Berlin. Bei feierlichen Zeremonien in Norwegen und Schweden sind am Montag die diesjährigen Nobelpreisträger ausgezeichnet worden. Den Friedensnobelpreis für die Europäische Union nahmen EU-Parlamentspräsident Martin Schulz, EU-Kommissionschef José Manuel Barroso und der EU-Ratsvorsitzende Herman Van Rompuy im Osloer Rathaus entgegen. Die europäischen Staats- und Regierungschefs, die an der Verleihungszeremonie teilnahmen – darunter auch Bundeskanzlerin Angela Merkel (CDU) -, quittierten die Verleihung mit Ovationen. Die Nobelpreise für Literatur, Chemie, Physik, Medizin und Wirtschaft übergab der schwedische König Carl XVI. Gustaf in der Stockholmer Konzerthalle.
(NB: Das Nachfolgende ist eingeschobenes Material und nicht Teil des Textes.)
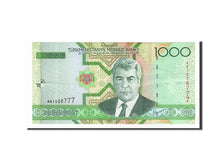 Banknote, Turkmenistan, 1000 Manat, 2005, UNC(60-62)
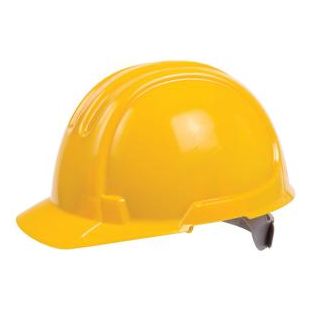 Ox Unvented Hard Hat Helmet OX-S245002 Yellow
Der Vorsitzende des norwegischen Nobelkomitees, Thorbjörn Jagland, wies in seiner Rede zur Verleihung des Friedensnobelpreises daraufhin, dass die EU den Kontinent nach zwei Weltkriegen wieder zusammengeschweißt habe. Er rief Europa auf, auch während der Schuldenkrise auf das Miteinander zu setzen und sich nicht wieder auf nationale Interessen zu beschränken.

Das Komitee hatte der EU am 12. Oktober überraschend den mit acht Millionen schwedische Kronen (930.000 Euro) dotierten Preis zugesprochen. Es würdigte damit den Beitrag der Union für die Verbreitung von Frieden, Versöhnung, Demokratie und Menschenrechten in Europa.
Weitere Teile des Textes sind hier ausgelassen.